DATA LISTING:
* * * * *

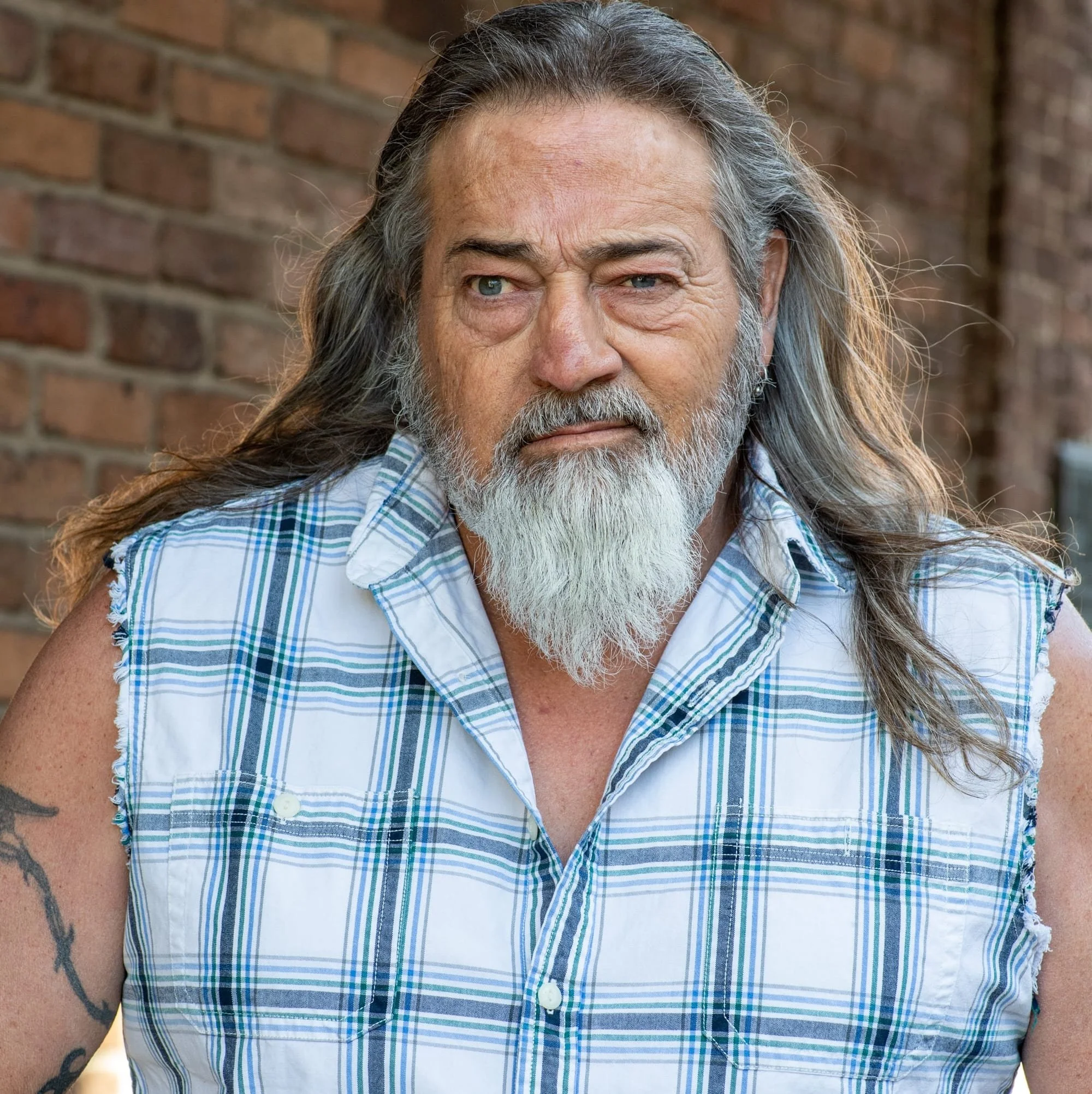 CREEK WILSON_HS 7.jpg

* * * * *

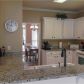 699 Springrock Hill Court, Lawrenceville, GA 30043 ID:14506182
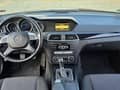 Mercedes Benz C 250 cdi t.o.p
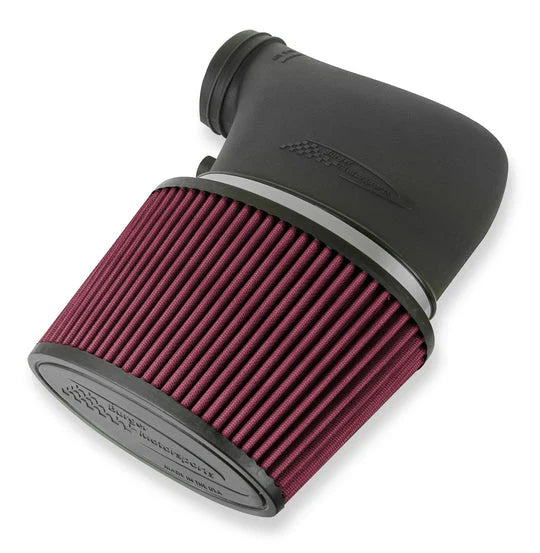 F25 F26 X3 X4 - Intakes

* * * * *

Above are some records; extract exactly the lines from the one containing "699 Springrock Hill" through the one containing "F25 F26 X3 X4 - Intakes" and drop the pictures.

RESULT BELOW:
 699 Springrock Hill Court, Lawrenceville, GA 30043 ID:14506182
 Mercedes Benz C 250 cdi t.o.p
 F25 F26 X3 X4 - Intakes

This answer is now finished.